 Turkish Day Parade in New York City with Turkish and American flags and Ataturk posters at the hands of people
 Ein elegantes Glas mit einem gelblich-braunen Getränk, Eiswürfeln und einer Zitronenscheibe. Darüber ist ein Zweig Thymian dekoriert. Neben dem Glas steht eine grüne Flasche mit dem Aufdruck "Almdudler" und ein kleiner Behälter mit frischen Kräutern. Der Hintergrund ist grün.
---
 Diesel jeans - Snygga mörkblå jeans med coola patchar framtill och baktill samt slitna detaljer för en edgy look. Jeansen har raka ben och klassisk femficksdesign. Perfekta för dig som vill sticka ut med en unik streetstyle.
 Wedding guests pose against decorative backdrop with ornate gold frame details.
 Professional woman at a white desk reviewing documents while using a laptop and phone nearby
==
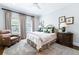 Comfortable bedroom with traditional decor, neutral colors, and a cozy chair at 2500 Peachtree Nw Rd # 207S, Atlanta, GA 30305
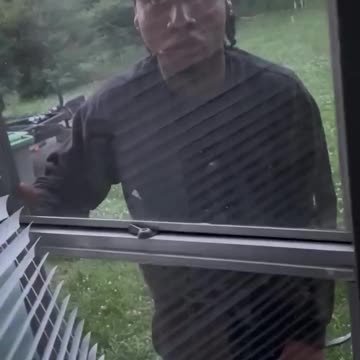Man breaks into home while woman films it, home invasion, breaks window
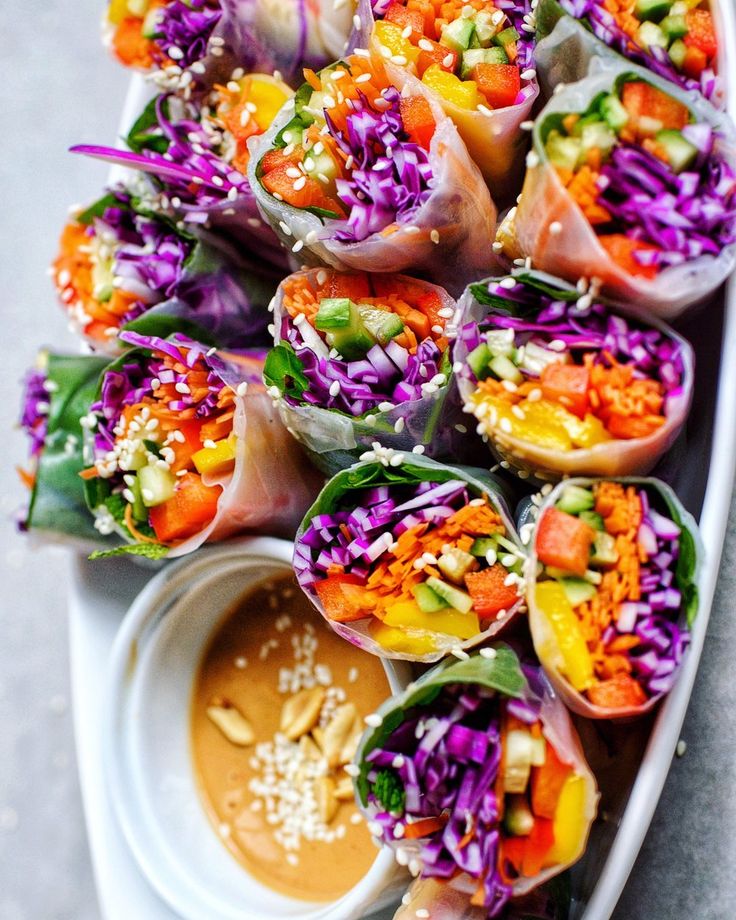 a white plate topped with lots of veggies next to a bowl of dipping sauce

REQUIREMENT: Each line in the entries above, starting at the line with "Diesel jeans - Snygga" and ending at the line with "Professional woman at", is to be printed exactly, and only those lines.

OUTPUT OF THE TASK:
 Diesel jeans - Snygga mörkblå jeans med coola patchar framtill och baktill samt slitna detaljer för en edgy look. Jeansen har raka ben och klassisk femficksdesign. Perfekta för dig som vill sticka ut med en unik streetstyle.
 Wedding guests pose against decorative backdrop with ornate gold frame details.
 Professional woman at a white desk reviewing documents while using a laptop and phone nearby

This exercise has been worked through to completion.